>On 11/17/07 3:58 AM, "Christiaan Hofman" <[EMAIL PROTECTED]> wrote:
>> On 17 Nov 2007, at 10:08 AM, Ingrid Giffin wrote:
>>> On 11/16/07 4:10 AM, "François Briatte" <[EMAIL PROTECTED]> wrote:

>>> A lot of stuff can be imported through citeulike, including JSTOR, or any
>>> journals website (x). I have described the (x) --> (citeulike)  --> BibDesk
>>> routine here: http://phnk.com/blog/tech/citeulike-and- bibdesk/ (slightly
>>> outdated, search archives in list for discussion).

>> Within my browser, I have tried the citeulike routine described on  your web
>> page, but if I click the citulike bookmarklet while I am on the JSTOR article
>> page, I get incomplete citations; for instance, the author  name and title,
>> but no date or other information.
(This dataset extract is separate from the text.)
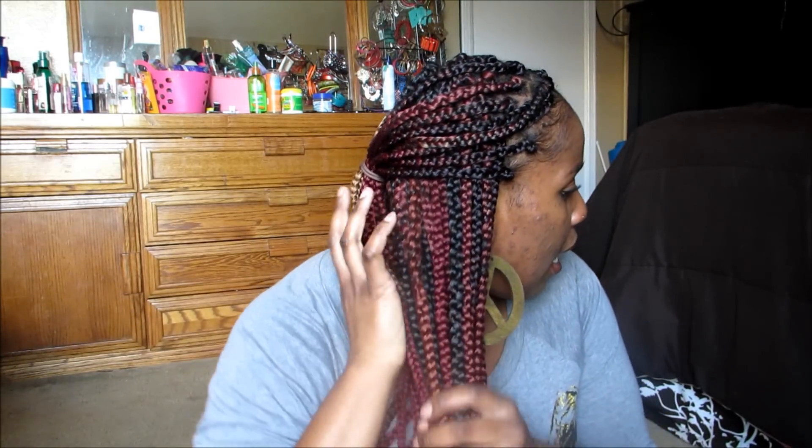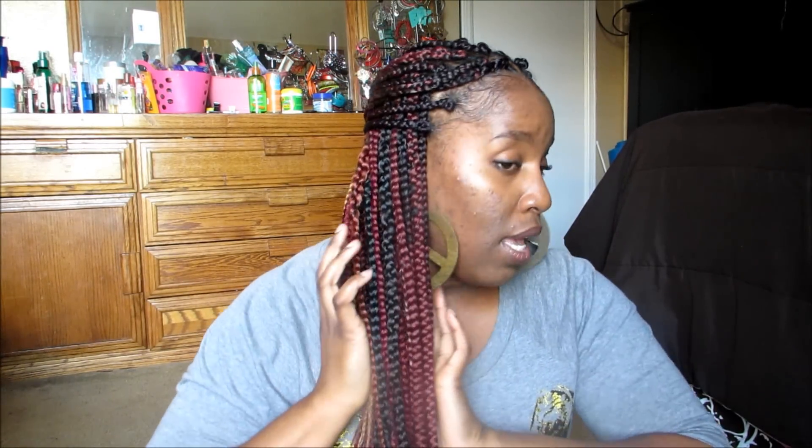So ladies, the box braids with the jumbo braid hair turned out really good. My overall review of the Bobby Boss ombre jumbo braid hair: it's very soft, easy to braid, very lightweight, the color is beautiful, and it dips in hot water fabulously. That's exactly what I need when working with jumbo braid hair — synthetic hair can only be manipulated with hot water, so that's a big plus.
If I click all the way  through on JSTOR to
>> the BibTex citation page (where I get the complete  citation), by that time
>> there's no point in going through citeulike--it's just as  easy to drag to
>> BibDesk.
>> 
> 
> It can well be that the JSTOR data does not contain all the
> information or that we do not include all the available information
> from JSTOR. For bibTeX we do include all the information, as it is
> our native format.
> 
> But which citeulike routine are you referring to, and which web site
> are you searching?
> 
> Christiaan

It's not a JSTOR problem per se, it's trying to figure out how François is
using Citeulike to save steps.

Here are my steps:
In the browser (not within BD),
1. Perform a search on JSTOR.
2. Click to one article's page. (This is presumably the problem, because
this page does not contain full citation information.)
3. Click Citulike bookmarklet.
4. Do this with a bunch of articles.
5. Go to "My Library" on Citulike web site.
6. Export BibText. 
7. Open BibText file.
8. Drag contents to BD.

In most cases, the citations I end up with do not contain full citation
information--although SOME do, which is very confusing. I don't know where
the full information is coming from in these cases.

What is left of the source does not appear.